Jésus répond en quelque sorte : Vous
commettez le péché, mais vous ne le voyez pas, précisément parce que votre
péché est un aveuglement volontaire. Les pharisiens – ceux qui sont
réellement aveugles – refusent de voir leur péché, ils refusent de voir qu’ils
commettent le mal en persécutant cet aveugle guéri qui n’a rien fait de mal.
Ils le haïssent sans raison, comme ils haïront sans raison le Christ (cf. Jn 15, 25). Mais – aveugles
qu’ils sont – ils disent pourtant : « nous voyons »,
revendiquant leur science et leur piété comme garantie de bonne conscience.

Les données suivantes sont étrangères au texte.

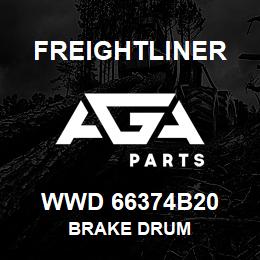 WWD 66374B20 Freightliner BRAKE DRUM | AGA Parts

S’ils avaient reconnu leur aveuglement, on aurait pu leur pardonner ; mais
leur aveuglement endurci et volontaire constitue précisément le mécanisme de
leur péché, et dans une telle obstination, le pardon ne parvient pas à se
frayer un chemin. Dieu, qui nous respecte au point de ne pas nous sauver sans
nous, veut nous pardonner les péchés que nous reconnaissons, ceux que nous
avouons. Mais ceux que nous cachons, ceux que nous nous cachons… « votre
péché demeure ». Quelle phrase terrible, comme si la bienveillance de Dieu
était tenue en échec.
Il
est difficile et désagréable d’être lucide sur soi-même. Les pharisiens se sont
aveuglés sur leur aveuglement même ; et cette situation leur est
confortable. Ils disent : « nous voyons », et ils sont
parfaitement capables de juger lucidement des fautes des autres. Ce qu’il leur
faudrait voir pourtant leur reste caché parce qu’ils ont choisi d’être aveugles
sur leur propre compte. Et c’est alors l’aveugle – lui qu’on pensait puni par
Dieu (cf. Is 53, 4) – qui les
confond. Sa cécité a manifesté leur aveuglement.
Demandons
le courage d’être illuminés par le Christ, de vivre comme des enfants de
lumière, en sachant bien que cette lumière devra sans doute d’abord nous
démasquer, nous révéler à nous-mêmes notre part d’ombre. Enfin seulement nous
pourrons entrer tout entier dans la pure lumière.